Han sido muchísimas las historias que han salido a relucir por estos días tras el fallecimiento la semana pasada del pintor y escultor, Fernando Botero, pero todas coinciden en lo mismo: fue el colombiano que, a punta de su vocación artística y capacidad de trabajo, puso de moda a nuestro país en todo el mundo con sus gordos y gordas.
“Botero es el niño de 4 años que pedalea con furia porque su padre ha muerto a los 40 años; Botero es el pintor cuarentón que se vuelca con furia a su estudio y pinta a su hijo muerto a los 4 años. Lo pinta una y otra vez, con dolor y furia, durante dos años. Lo pinta para no olvidarlo, o para poderlo olvidar en el acto de recordarlo, y también para no oír los lamentos y sollozos que llegan desde el cuarto. Estas imágenes remiten a una constante en la vida de Botero: no dejarse derrotar por las adversidades, sacar fuerzas de flaquezas, oponer una voluntad férrea contra todas las traiciones, tragedias y desgracias que pretende doblarlo”, escribió el escritor Héctor Abad Faciolince.

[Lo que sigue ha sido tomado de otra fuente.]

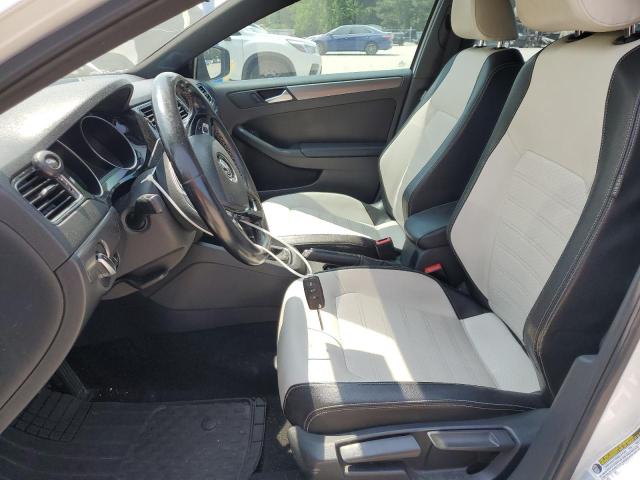 2016 VOLKSWAGEN JETTA SPOR 3VWD17AJ7GM242724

El País de España, por su parte, destacó de Botero que “su biografía de autodidacta lo llevó de la Medellín provinciana y religiosa de los años treinta —la misma que después ocupó una buena parte de su obra— hasta México, Nueva York, París o Mónaco, donde acabó por fijar su casa. Allí siguió pintando hasta sus últimos días. Y siempre a contracorriente de las tendencias abstractas y conceptuales dominantes en el arte contemporáneo”.
Botero construyó con sus figuras voluminosas un edificio grandioso en el arte visible desde cualquier distancia. Sus gordos y gordas representaron un estilo que llamó la atención de personas de todas las edades. Y como afirman muchos Fernando Botero consiguió niveles de reconocimiento solo comparables con los de otro grande de Colombia, el gran Gabriel García Márquez.
Gracias a sus obras, Fernando Botero nunca morirá.